PROBLEM DESCRIPTION: The lines below from the one with "Then the next" up to and including the one with "The reason why" are what you should set down, exactly and without pictures.

PROVIDED RECORDS:

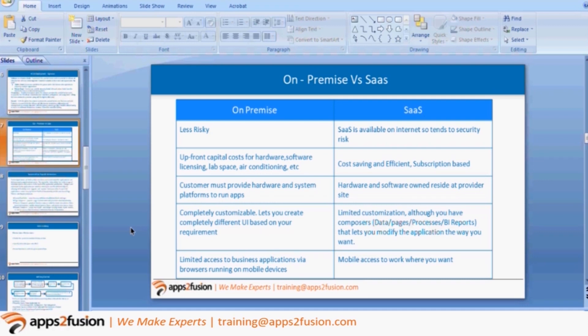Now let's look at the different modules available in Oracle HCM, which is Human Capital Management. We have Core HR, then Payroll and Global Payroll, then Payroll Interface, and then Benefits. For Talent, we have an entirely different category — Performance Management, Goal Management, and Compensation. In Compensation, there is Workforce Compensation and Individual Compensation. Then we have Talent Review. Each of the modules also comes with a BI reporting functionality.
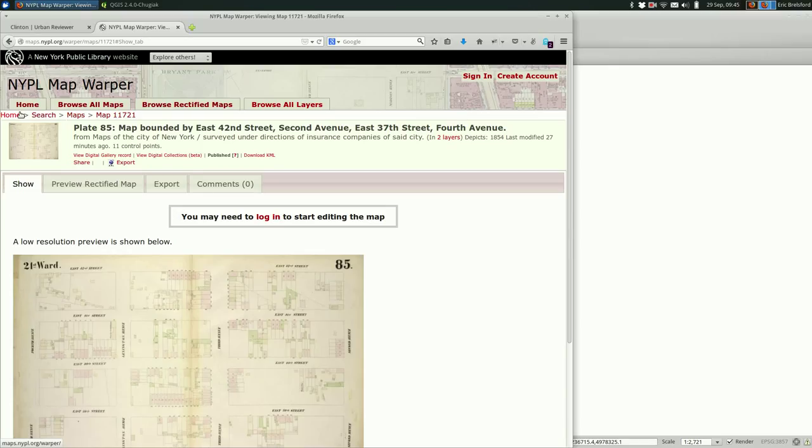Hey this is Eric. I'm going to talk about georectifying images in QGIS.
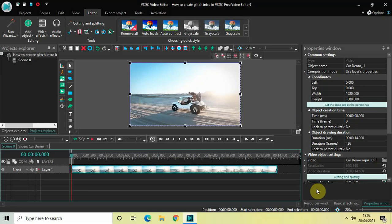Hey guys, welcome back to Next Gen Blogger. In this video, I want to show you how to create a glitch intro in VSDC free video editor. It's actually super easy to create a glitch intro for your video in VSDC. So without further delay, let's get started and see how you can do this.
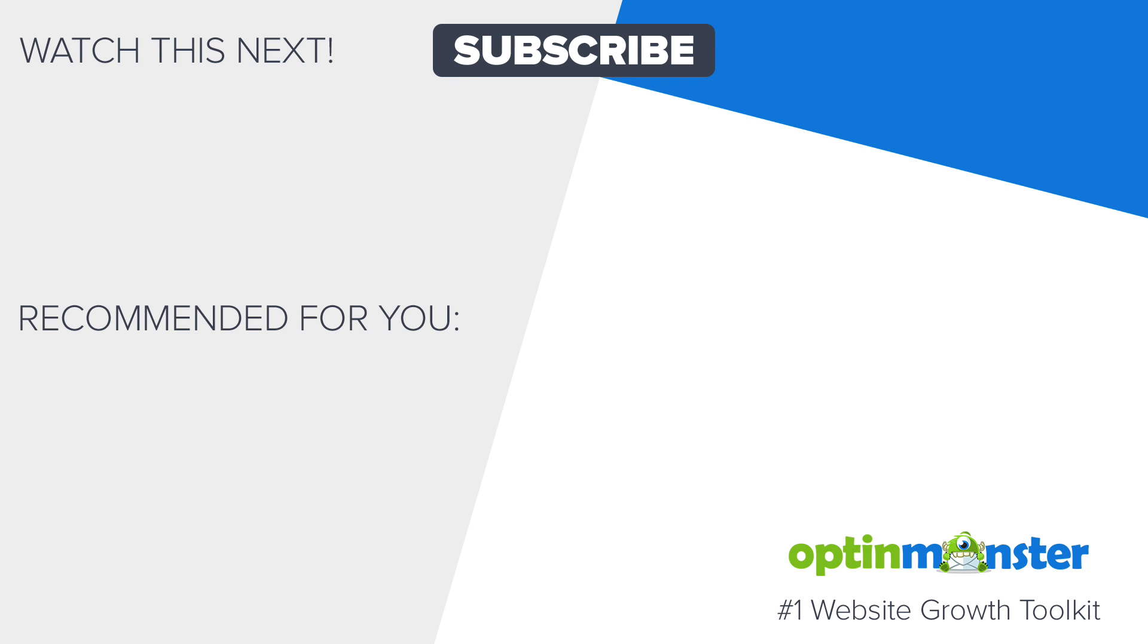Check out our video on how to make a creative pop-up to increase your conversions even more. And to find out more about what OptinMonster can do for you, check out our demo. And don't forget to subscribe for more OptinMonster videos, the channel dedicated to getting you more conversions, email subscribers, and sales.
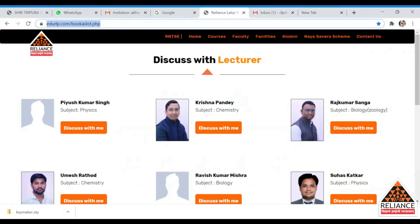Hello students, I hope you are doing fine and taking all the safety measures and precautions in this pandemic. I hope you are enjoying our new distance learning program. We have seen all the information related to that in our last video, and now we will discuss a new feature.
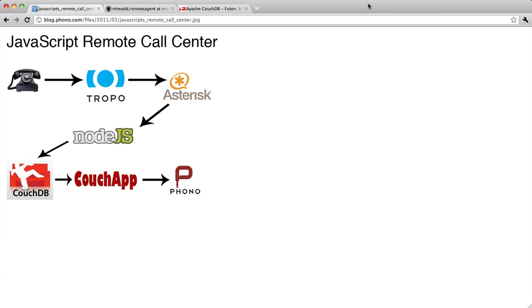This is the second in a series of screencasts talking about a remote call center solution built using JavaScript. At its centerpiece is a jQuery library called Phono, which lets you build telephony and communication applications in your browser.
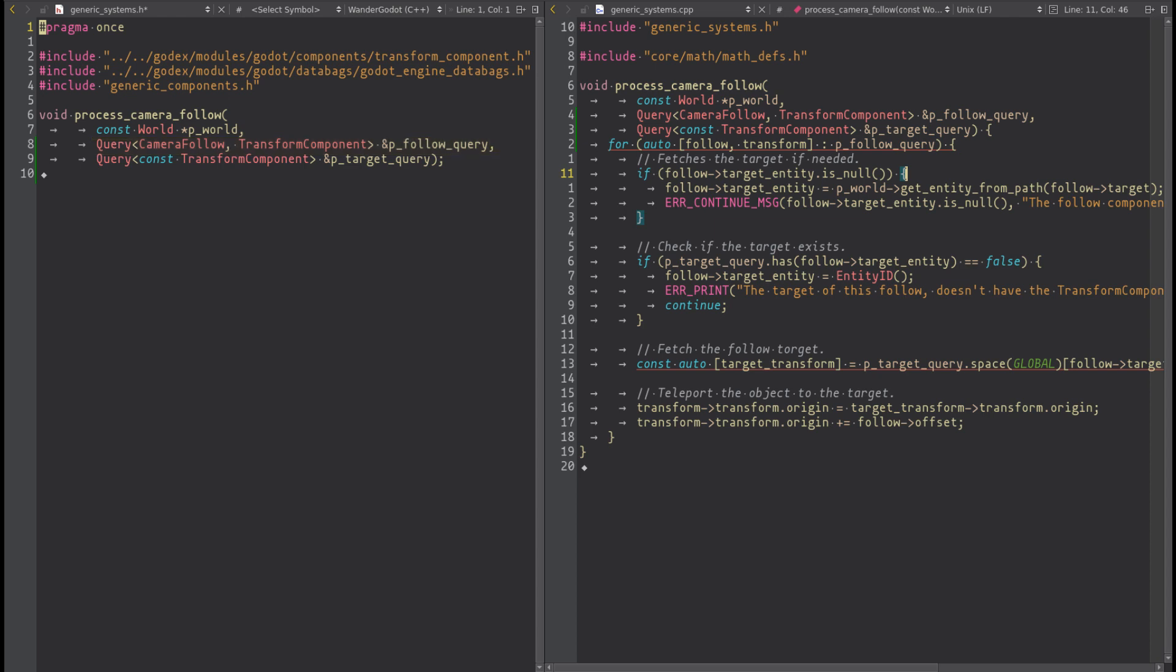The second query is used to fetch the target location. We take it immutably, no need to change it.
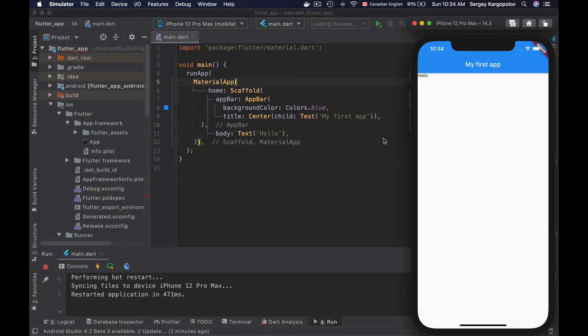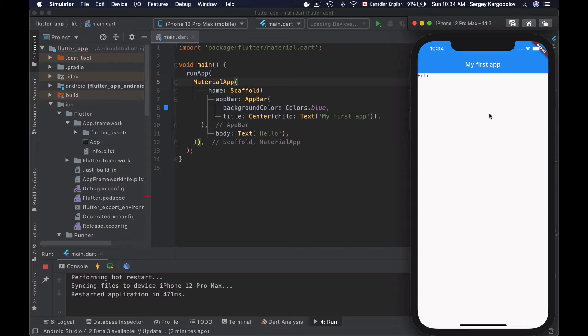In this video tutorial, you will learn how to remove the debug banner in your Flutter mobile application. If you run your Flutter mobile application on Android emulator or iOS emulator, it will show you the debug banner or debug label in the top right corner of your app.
* * *
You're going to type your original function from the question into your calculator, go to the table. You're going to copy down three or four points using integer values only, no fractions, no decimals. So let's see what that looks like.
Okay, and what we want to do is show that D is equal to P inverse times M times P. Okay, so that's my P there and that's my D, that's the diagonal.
--
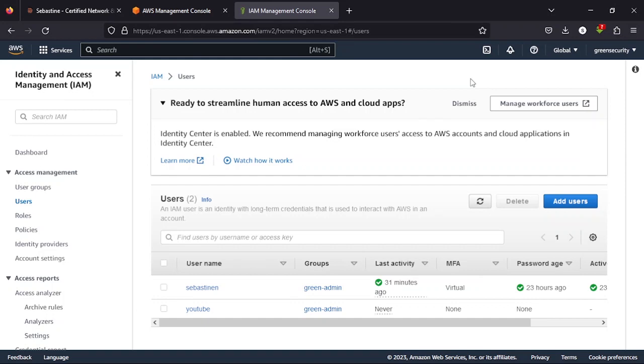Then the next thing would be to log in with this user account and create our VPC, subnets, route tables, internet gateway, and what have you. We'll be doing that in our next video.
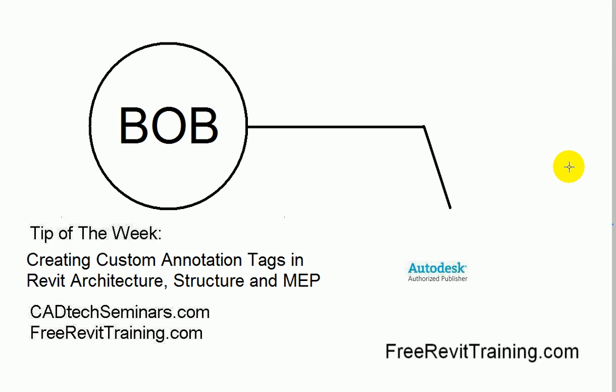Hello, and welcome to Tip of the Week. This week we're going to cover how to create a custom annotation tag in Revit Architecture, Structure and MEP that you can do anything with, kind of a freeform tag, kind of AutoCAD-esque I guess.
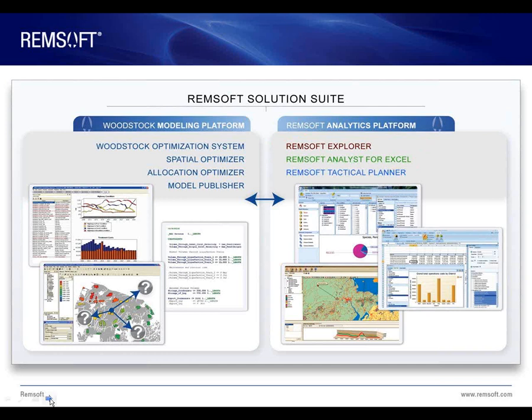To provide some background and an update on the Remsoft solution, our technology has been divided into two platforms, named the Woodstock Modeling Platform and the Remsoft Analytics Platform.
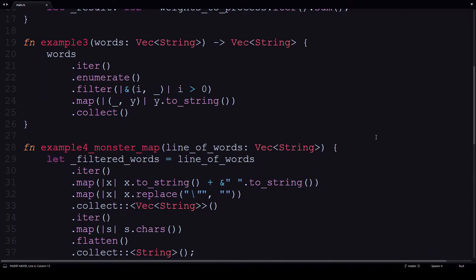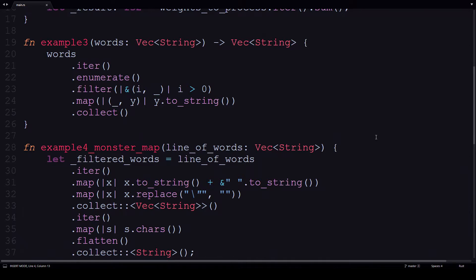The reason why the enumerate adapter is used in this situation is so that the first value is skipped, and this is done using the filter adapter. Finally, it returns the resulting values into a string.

RESULT OF THE EXERCISE:
Then the next thing would be to log in with this user account and create our VPC, subnets, route tables, internet gateway, and what have you. We'll be doing that in our next video.
Hello, and welcome to Tip of the Week. This week we're going to cover how to create a custom annotation tag in Revit Architecture, Structure and MEP that you can do anything with, kind of a freeform tag, kind of AutoCAD-esque I guess.
To provide some background and an update on the Remsoft solution, our technology has been divided into two platforms, named the Woodstock Modeling Platform and the Remsoft Analytics Platform.
The reason why the enumerate adapter is used in this situation is so that the first value is skipped, and this is done using the filter adapter. Finally, it returns the resulting values into a string.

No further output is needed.